* **AVAILABLE DATA**
▶
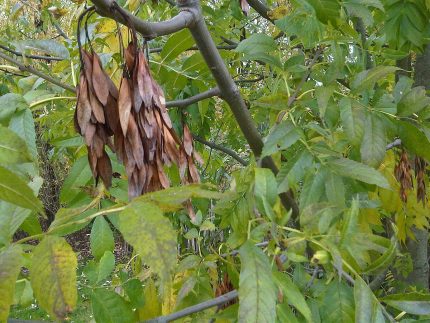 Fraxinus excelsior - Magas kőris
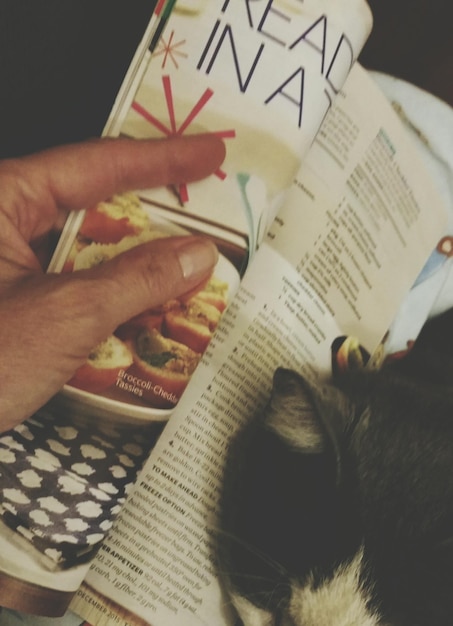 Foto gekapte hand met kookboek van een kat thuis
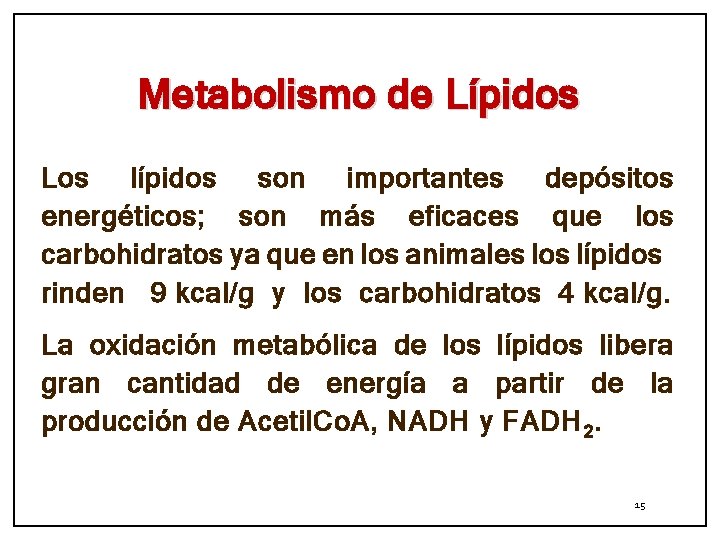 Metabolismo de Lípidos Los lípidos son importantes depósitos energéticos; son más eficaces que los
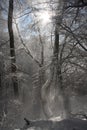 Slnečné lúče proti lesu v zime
◀
▶
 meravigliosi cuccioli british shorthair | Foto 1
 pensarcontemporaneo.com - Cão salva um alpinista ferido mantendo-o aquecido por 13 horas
◀
* **ACTIVITY**
For this task, return exactly the stretch of the listing above from the line with "Metabolismo de Lípidos" through the line with "Slnečné lúče proti lesu v zime", inclusive and without pictures.

* **THE COMPLETED TASK**
 Metabolismo de Lípidos Los lípidos son importantes depósitos energéticos; son más eficaces que los
 Slnečné lúče proti lesu v zime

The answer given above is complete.